● Data excerpts:
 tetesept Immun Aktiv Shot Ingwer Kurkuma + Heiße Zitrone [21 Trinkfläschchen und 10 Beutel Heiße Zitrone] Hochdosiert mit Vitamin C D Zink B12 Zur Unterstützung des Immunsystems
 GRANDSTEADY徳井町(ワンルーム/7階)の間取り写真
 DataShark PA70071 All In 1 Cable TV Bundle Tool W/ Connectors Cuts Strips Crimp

...

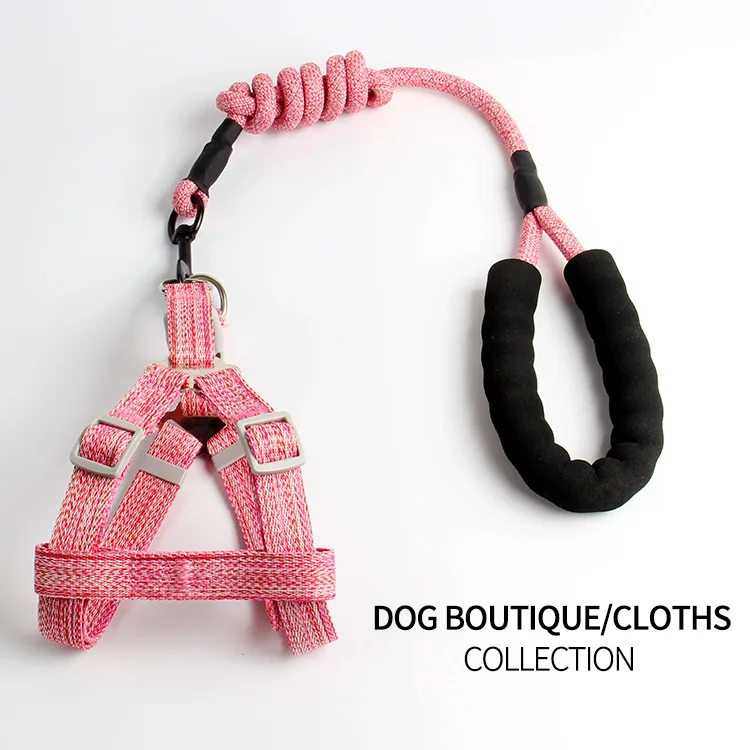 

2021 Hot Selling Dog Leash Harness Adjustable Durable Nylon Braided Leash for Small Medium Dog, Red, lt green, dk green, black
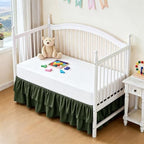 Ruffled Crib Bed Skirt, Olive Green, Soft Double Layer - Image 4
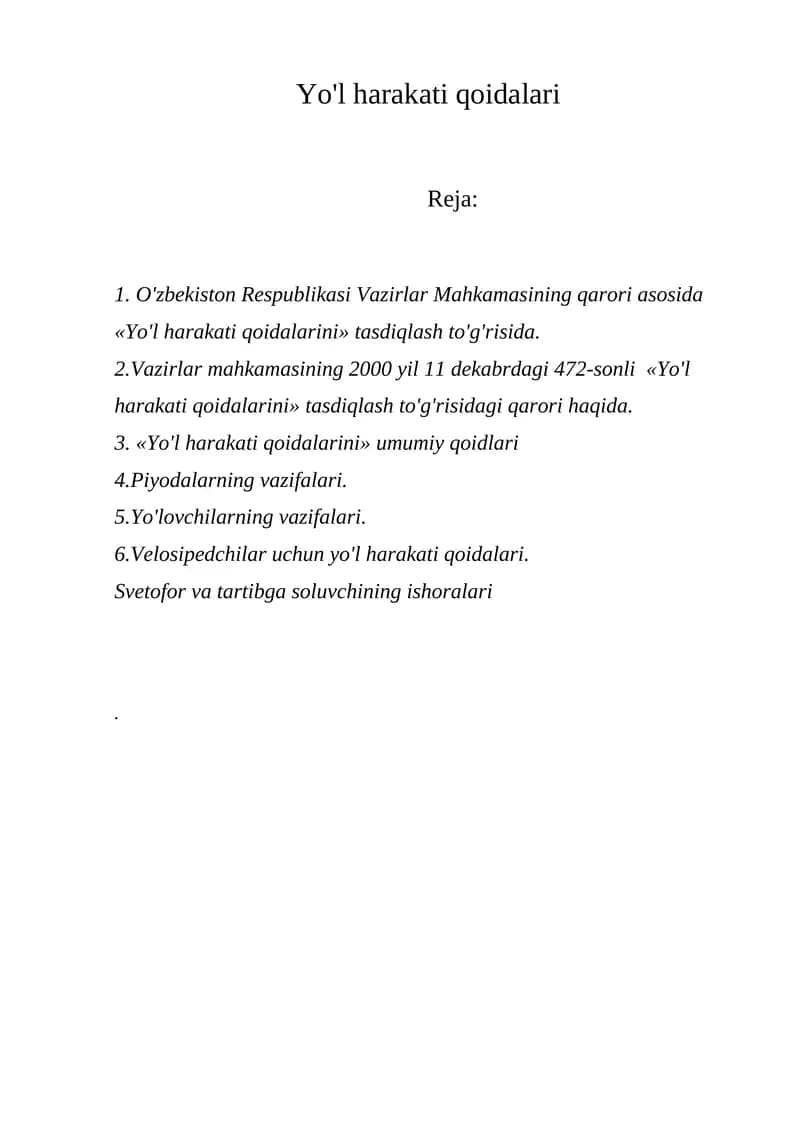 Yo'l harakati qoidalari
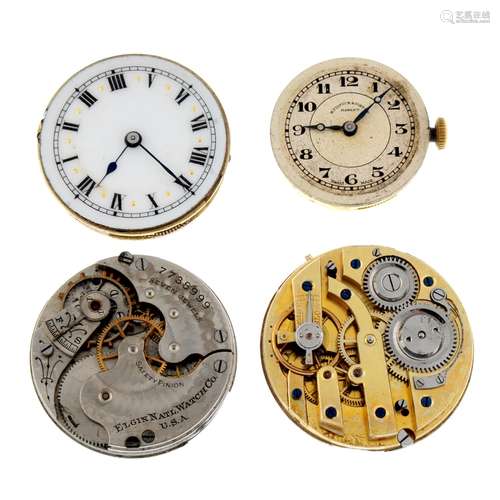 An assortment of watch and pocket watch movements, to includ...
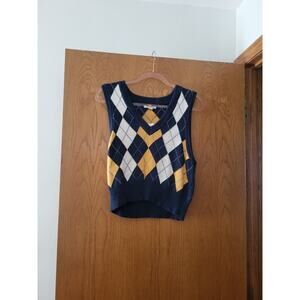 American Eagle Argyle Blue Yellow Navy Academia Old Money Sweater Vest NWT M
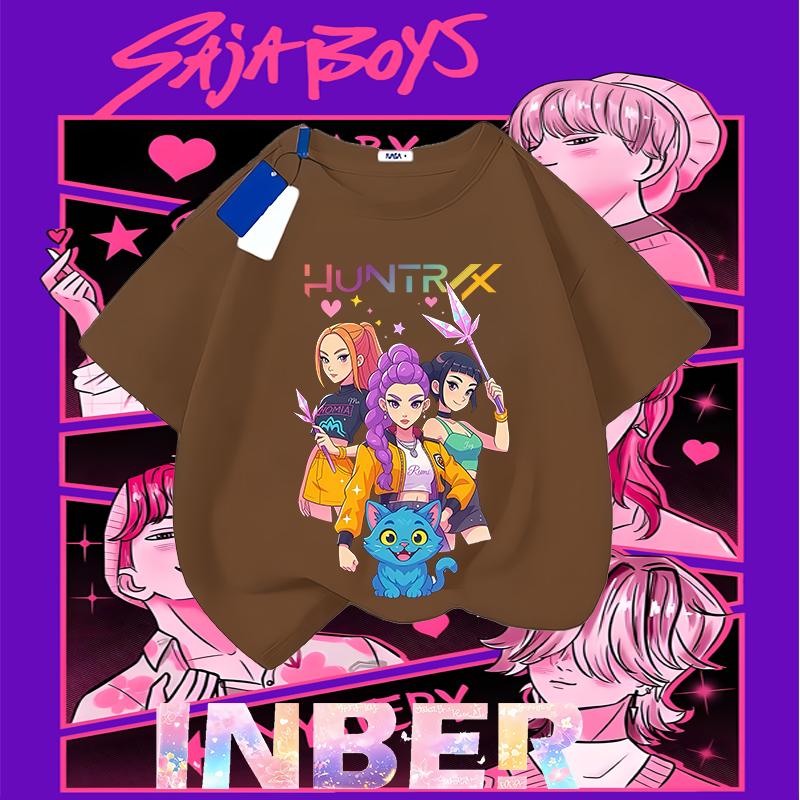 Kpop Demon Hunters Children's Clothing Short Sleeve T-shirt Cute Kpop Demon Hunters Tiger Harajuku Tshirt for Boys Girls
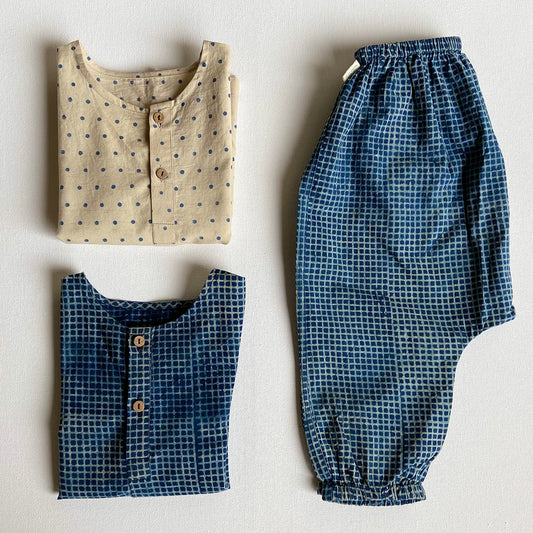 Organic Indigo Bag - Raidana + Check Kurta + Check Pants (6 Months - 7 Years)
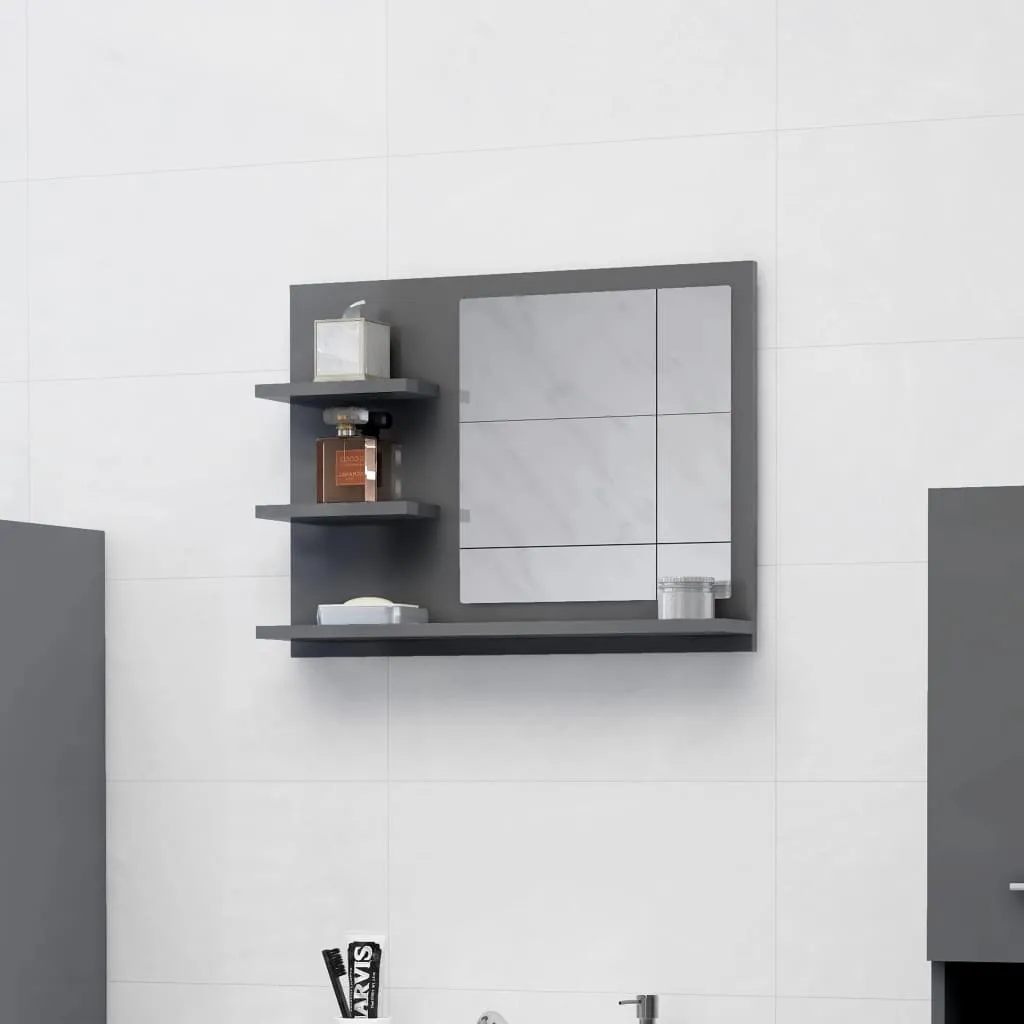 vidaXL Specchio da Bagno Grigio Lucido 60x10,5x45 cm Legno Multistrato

● Work instruction: Those lines of the records above that run from the one containing "Kpop Demon Hunters Children's" through the one containing "vidaXL Specchio da" should be returned exactly, with no pictures among them.

● Problem solution:
 Kpop Demon Hunters Children's Clothing Short Sleeve T-shirt Cute Kpop Demon Hunters Tiger Harajuku Tshirt for Boys Girls
 Organic Indigo Bag - Raidana + Check Kurta + Check Pants (6 Months - 7 Years)
 vidaXL Specchio da Bagno Grigio Lucido 60x10,5x45 cm Legno Multistrato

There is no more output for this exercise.